_WHAT NEEDS TO BE DONE_
Transcribe only the part of the material below that begins at the line containing "2020 Mitsubishi Eclipse Cross LS" and ends at the line containing "Read: Blown Book Away", with both kept and images left out.

_DATA FOR PROCESSING_
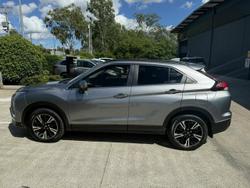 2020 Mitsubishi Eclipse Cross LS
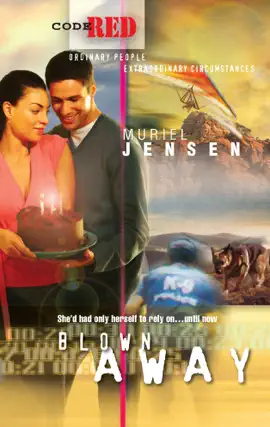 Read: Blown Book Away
---
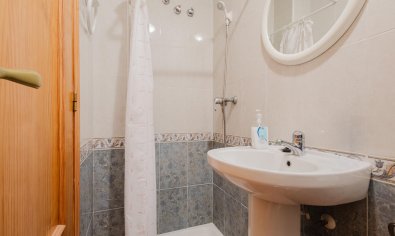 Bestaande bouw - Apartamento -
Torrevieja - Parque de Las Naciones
==
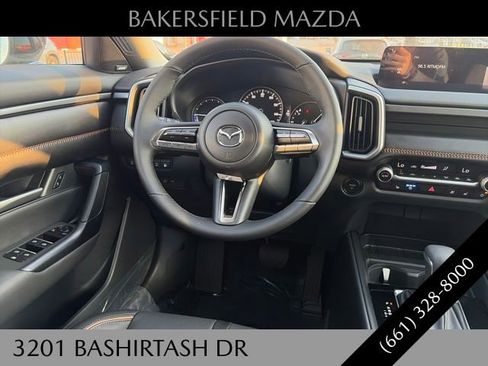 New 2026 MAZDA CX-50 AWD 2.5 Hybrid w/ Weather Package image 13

_WORKED SOLUTION_
 2020 Mitsubishi Eclipse Cross LS
 Read: Blown Book Away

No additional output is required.